- **PROVIDED DATA**
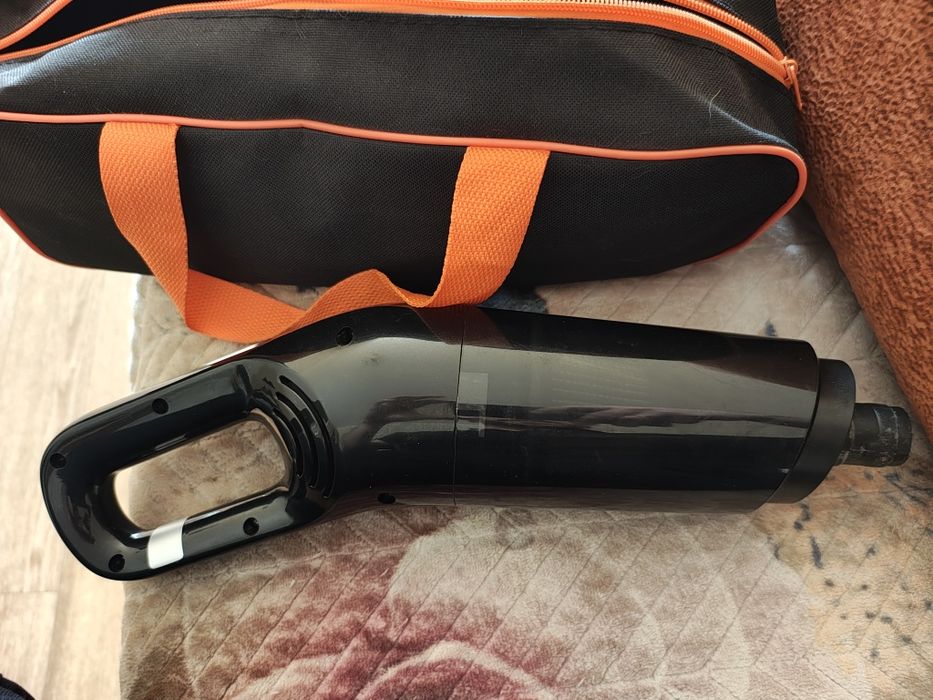 Автомобильный пылесос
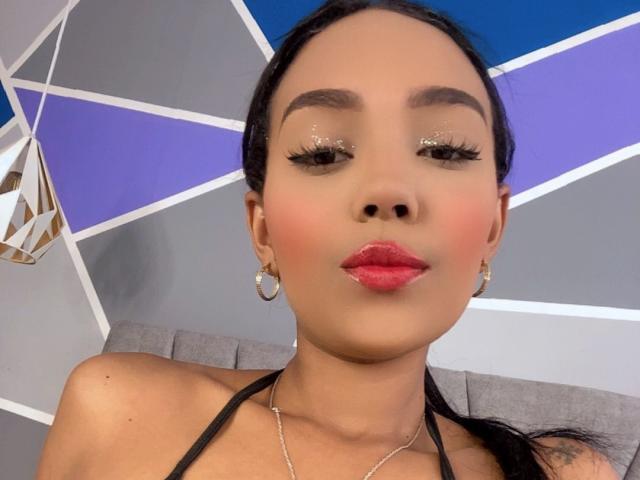 MissCharlotts - Live porn &amp; sex cam - 22945285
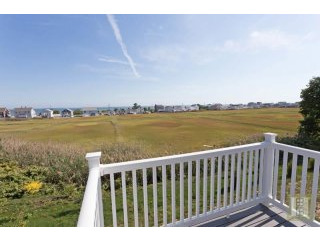 2 bedroom Apartment For Sale: 620..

- **TASK PROMPT**
Print all the lines above again exactly, without any pictures.

- **SOLUTION TO THIS EXERCISE**
 Автомобильный пылесос
 MissCharlotts - Live porn &amp; sex cam - 22945285
 2 bedroom Apartment For Sale: 620..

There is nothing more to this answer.